> _TASK DETAILS_
Take the line that contains "Evereve Cream Ribbed" and each one after it through the last line below, and retype them exactly. Leave out the pictures.

> _Captioned web images_
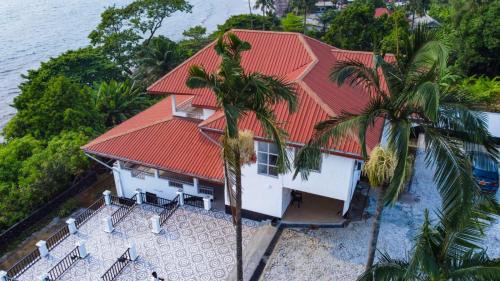 Limbe Villa | Ocean Front Villa, Ngeme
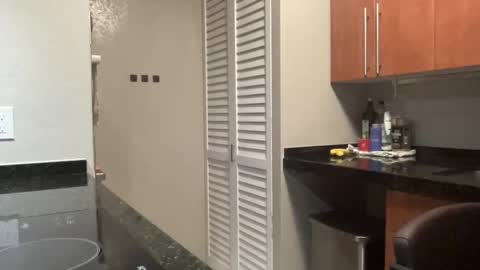 Hungrooster69 online show from March 18, 10:29 am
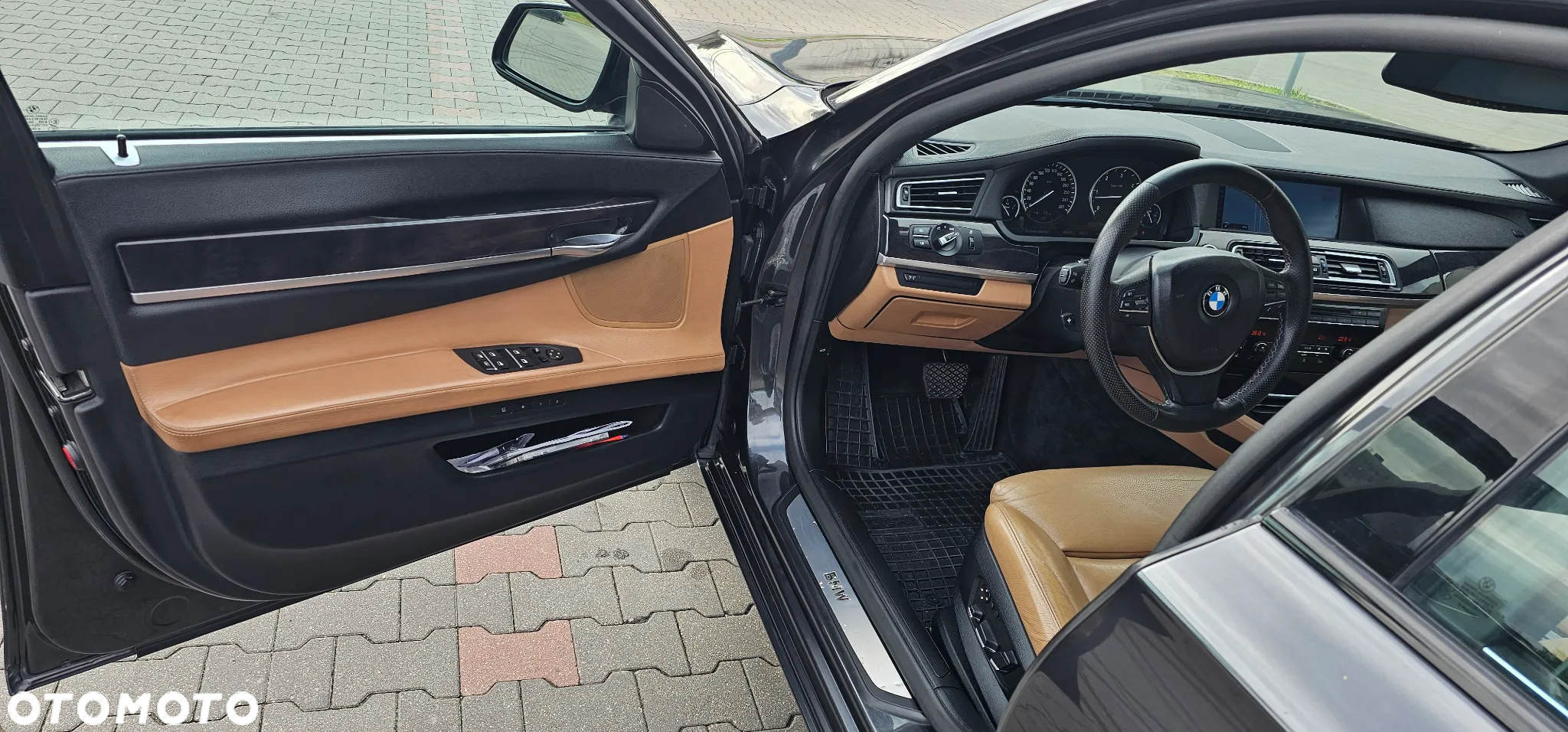 BMW Seria 7 730d Blue Performance - 13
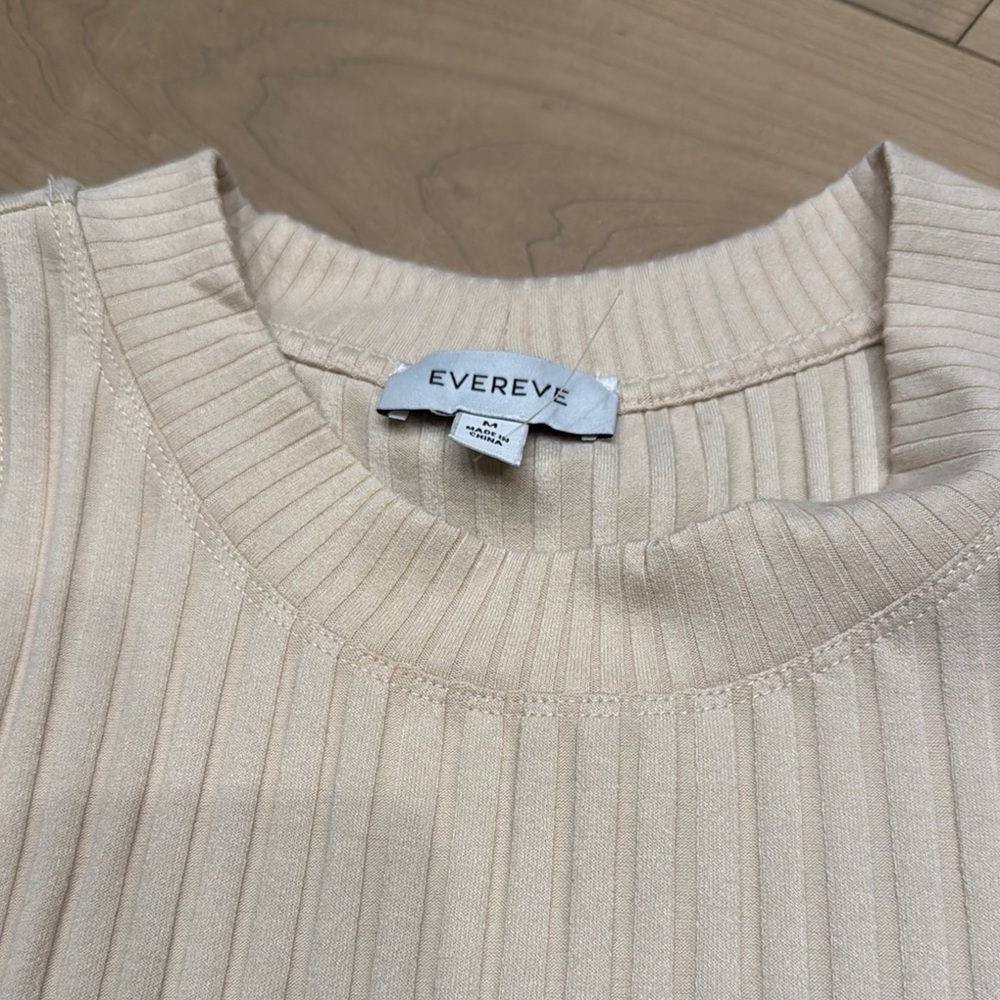 Evereve Cream Ribbed Sleeveless Tank Top - Picture 2 of 4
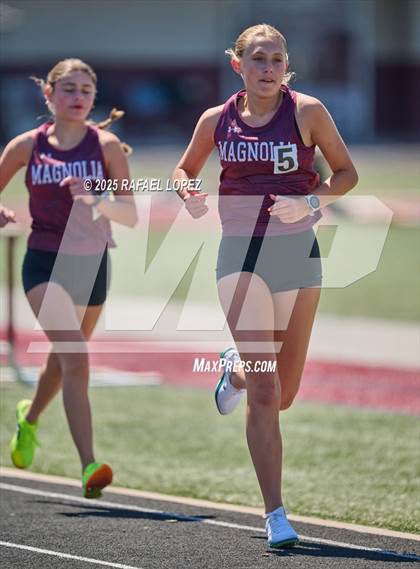 Thumbnail 2 in Dog Pound Invitational (3200M) photogallery.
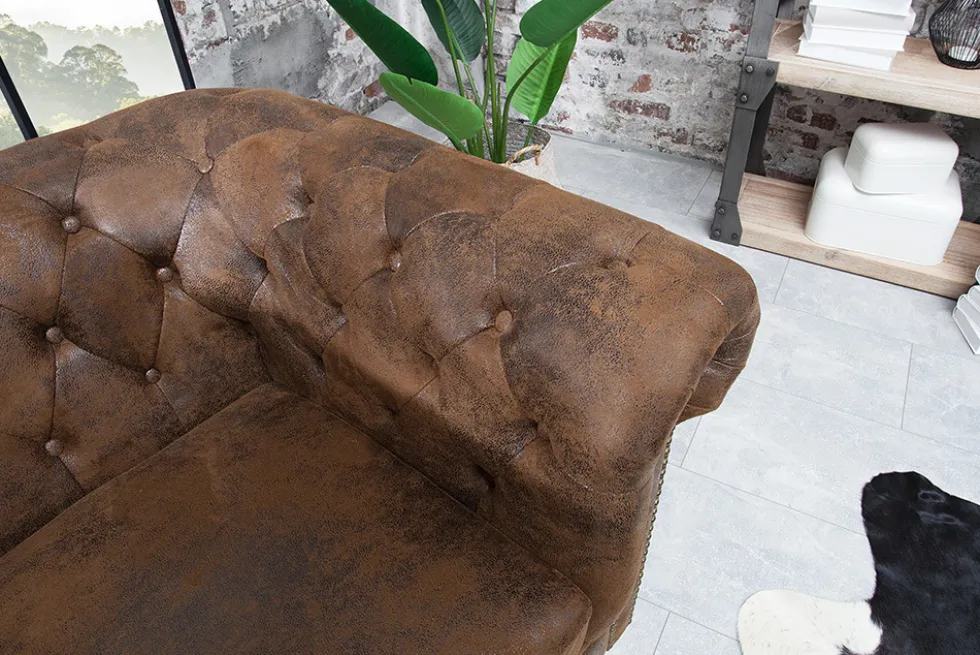 Chesterfield Sessel 110cm antik braun mit Knopfheftung und Federkern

> _RESULT FOR THIS EXERCISE_
 Evereve Cream Ribbed Sleeveless Tank Top - Picture 2 of 4
 Thumbnail 2 in Dog Pound Invitational (3200M) photogallery.
 Chesterfield Sessel 110cm antik braun mit Knopfheftung und Federkern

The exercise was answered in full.